Infants initially have little understanding of what is being said around them, and yet at approximately 9 months old are able to produce their first words. When they start producing their first multi-word utterances around 18 months, they can already produce about 45 words and comprehend many more [
1,
2]. One of the challenges infants face is that speech does not contain neat breaks between words, which would allow them to segment the utterance into words. To complicate things further, words might be embedded in longer words (e.g.
ham in
hamster) and furthermore, no two realisations of the same spoken word are ever the same due to speaker differences, accents, co-articulation and speaking rate, etc. [
3]. In this study, we investigate whether a computational model of speech recognition inspired by infant learning processes can learn to recognise words without prior linguistic knowledge.
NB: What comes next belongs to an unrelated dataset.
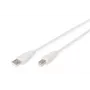 Cabo de ligação USB Assmann, Type-A - B M/M, 3,0 m, compatível com USB 2.0, UL, bege (AK-300102-030-E)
Cognitive science has long tried to explain our capacity for speech comprehension through computational models (see [
4] for an overview). Models such as Trace [
5], Cohort [
6], Shortlist [
7], Shortlist B [
8] and FineTracker [
9] attempt to explain how variable and continuous acoustic signals are mapped onto a discrete and limited-size mental lexicon. These models all assume that the speech signal is first mapped to a set of pre-lexical units (e.g. phones, articulatory features) and then to a set of lexical units (words). The exact set of units is predetermined by the model developer, avoiding the issue of learning what these units are in the first place. Even the recently introduced DIANA model [
10], which does away with fixed pre-lexical units, uses a set of predetermined lexical units.
While all these models have proven successful at explaining behavioural data from listening experiments, they all require prior lexical knowledge in the form of a fully specified set of (pre-)lexical units. In contrast, infants learn words without prior lexical knowledge (or, arguably, any other linguistic knowledge) as well as without explicit supervision. A viable computational model should simulate word learning in a similar manner.
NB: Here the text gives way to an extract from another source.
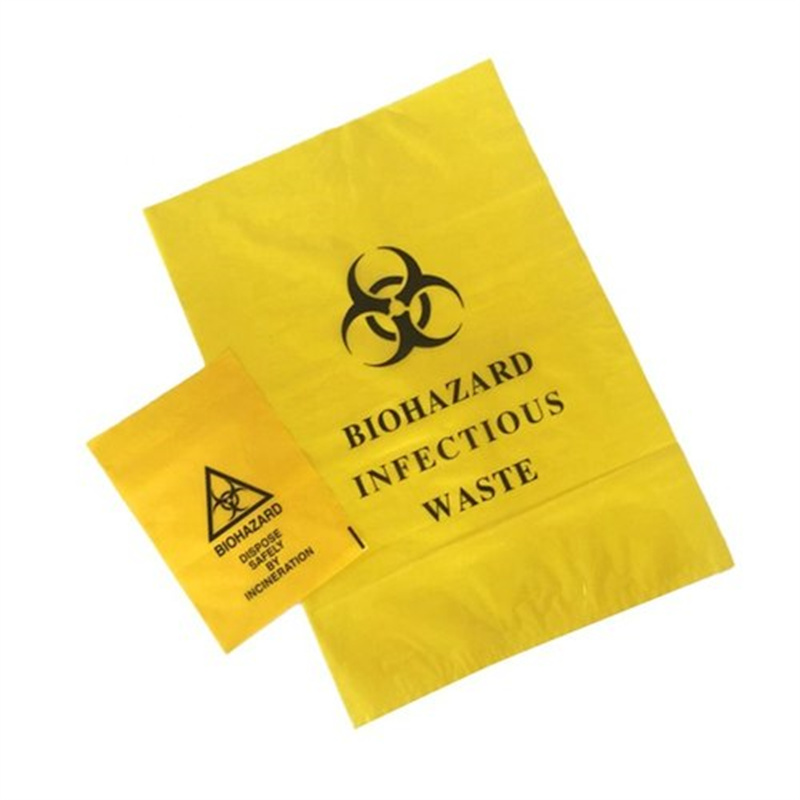 Yellow Medical Biohazard Waste Disposal Bags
We take inspiration from the way infants learn language in order to model human word learning and recognition in a more cognitively plausible and ‘human-like’ manner. While learning language, children are exposed to a wide range of sensory experiences beyond purely linguistic input. On the other hand, current computational models of word learning and recognition are often limited to linguistic input. Using a multi-modal model, we aim to show that it is possible learn to recognise words without prior lexical knowledge and explicit supervision if the model is exposed to sensory experiences beyond speech. While there are many sensory experiences that could contribute to language learning, we focus on the most prominent of the human senses: vision. The model that we investigate in the current work exploits visual context in order to learn to recognise words in speech without supervision or prior lexical knowledge.
Visually Grounded Speech
Humans have access to multiple streams of sensory information besides the speech signal, perhaps most prominently the visual stream. It has been suggested that infants learn to extract words from speech by repeatedly hearing words while seeing the associated objects or actions [
11], and indeed speech is often used to refer to and describe the world around us. For instance, parents might say ‘the ball is on the table’ and ‘there’s a ball on the floor’ etc., while consistently pointing towards a ball.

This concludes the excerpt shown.